He graduated from the Politecnico in 1925 and was a student of master Portaluppi. In the 1930s Milan was under regime and there were important interventions in which Mario Baciocchi also participated, such as the competition for the Arengario and Piazza Diaz, and in 1938 he built the party headquarters for the Porta Volta district group, now the Customs building, on Via Ceresio. Then, at the corner with Via Locatelli he built the first skyscraper tower in Piazza Fiume, for us Piazza della Repubblica, between 1936 and 1939.
The style of these buildings represent modernist essentiality with classical monumentality typical of the 20th century.
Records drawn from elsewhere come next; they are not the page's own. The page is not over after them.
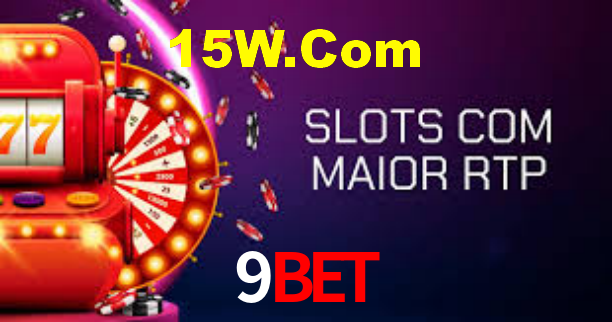 Apostas com odds competitivas na 9Bet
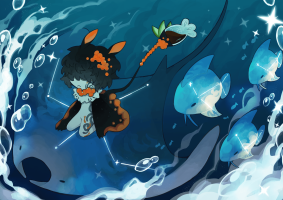 Submission thumbnail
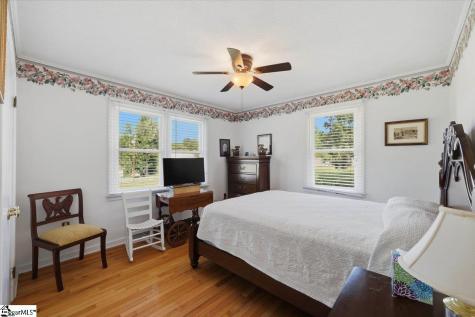 105 Lipscombe Drive Travelers Rest SC 29690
In 1939, during a dinner, Baciocchi met Don Luigi Orione and designed for him, without compensation, the Cottolengo headquarters on Via Caterina da Forlì. This friendship brought him many other works in the Catholic and political spheres including the churches of the Immaculate Conception in Piazza Frattini in 1952, St. Angela Merici in 1951 on Via Cagliero, and St. Ignatius of Loyola on Via Feltre in 1962.
Heading the Committee for the New Churches of the Diocese in those years was Enrico Mattei, and a relationship of esteem and trust was born between the two right away. In 1951 Mattei commissioned Baciocchi himself to invent the Agip-Eni company town along the Via Emilia. Meanwhile, he was also entrusted with the design of the national network of Agip service stations. Especially noteworthy is the 1952 gas station at Piazzale Accursio corner of Viale Certosa, which was abandoned in the 1980s and later turned into a restaurant in 2017.
Even today in Milan the works of this great architect, who certainly made a strong contribution to the city of Milan, are clearly visible.